TASK PROMPT:
In the listing below, the answer starts at the line that has "This Common Loon" and stops after the line that has "Hypoallergenic Cavoodle Poodle Mix Puppy"; please repeat that part exactly and nothing more.

GIVEN INFORMATION:
────────────────────────────────────────

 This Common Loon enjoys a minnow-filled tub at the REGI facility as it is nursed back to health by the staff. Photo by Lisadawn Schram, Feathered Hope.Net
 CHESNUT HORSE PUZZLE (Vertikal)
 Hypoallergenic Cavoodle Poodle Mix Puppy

────────────────────────────────────────

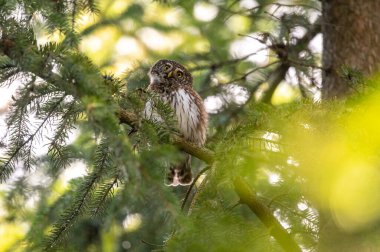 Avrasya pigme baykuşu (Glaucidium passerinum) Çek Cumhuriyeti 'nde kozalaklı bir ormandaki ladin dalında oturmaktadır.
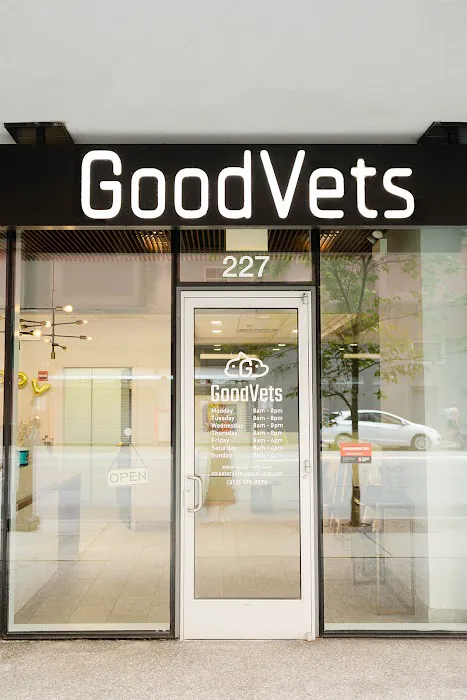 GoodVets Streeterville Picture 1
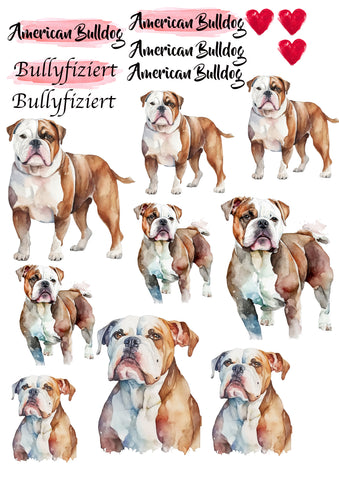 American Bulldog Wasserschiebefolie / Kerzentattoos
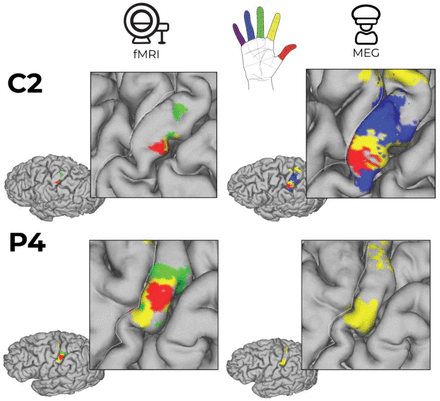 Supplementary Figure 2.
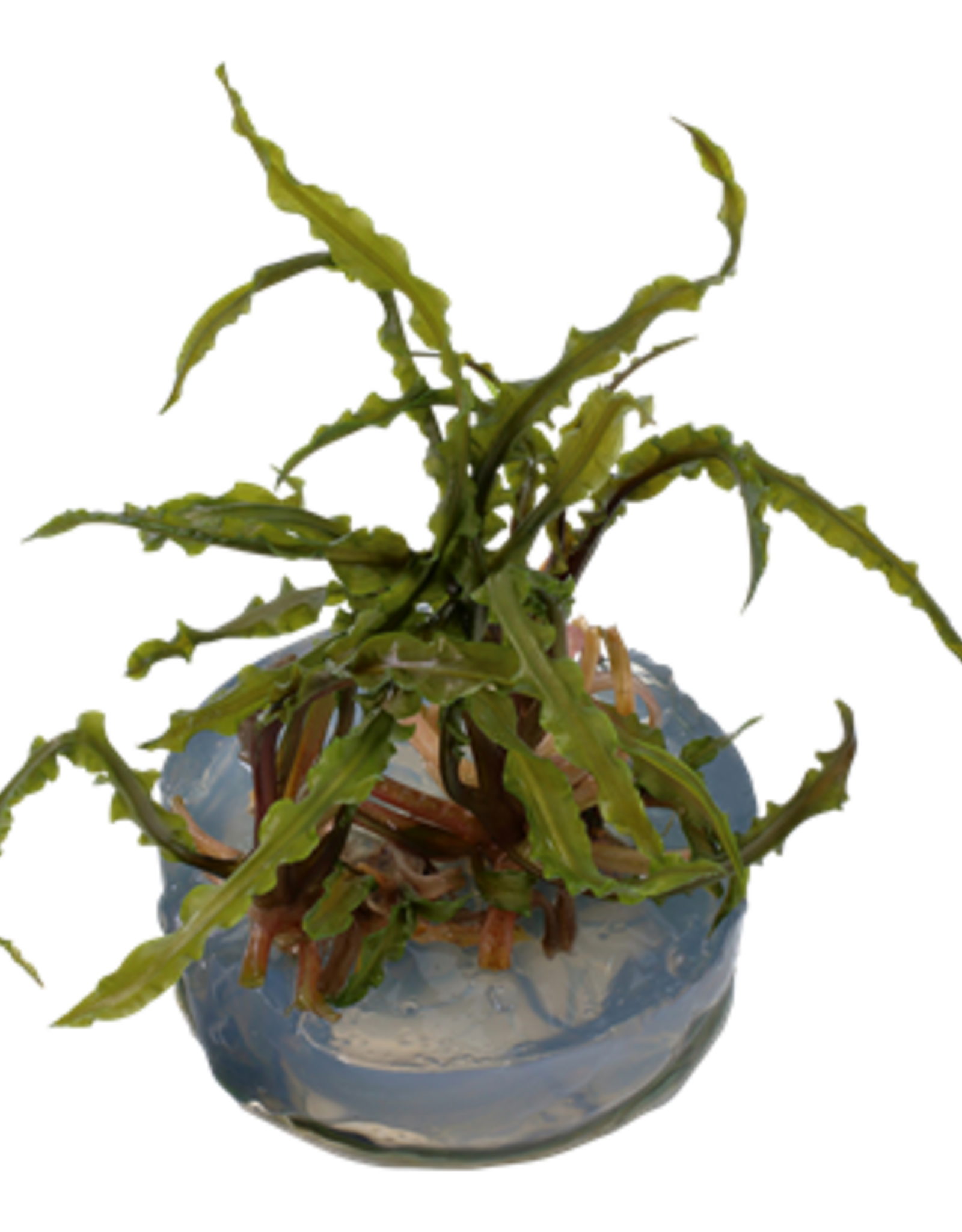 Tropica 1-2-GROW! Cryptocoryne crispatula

────────────────────────────────────────

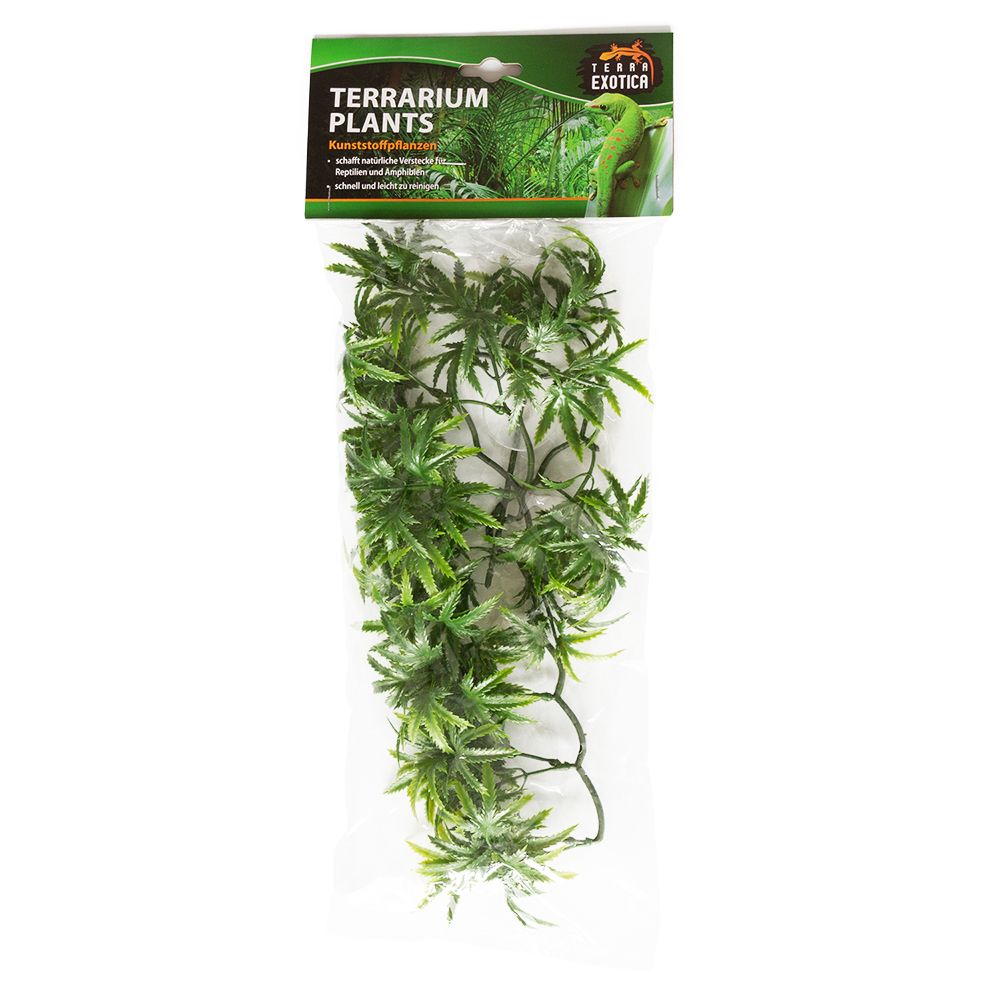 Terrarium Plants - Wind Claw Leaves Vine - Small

────────────────────────────────────────

WRITTEN ANSWER:
 This Common Loon enjoys a minnow-filled tub at the REGI facility as it is nursed back to health by the staff. Photo by Lisadawn Schram, Feathered Hope.Net
 CHESNUT HORSE PUZZLE (Vertikal)
 Hypoallergenic Cavoodle Poodle Mix Puppy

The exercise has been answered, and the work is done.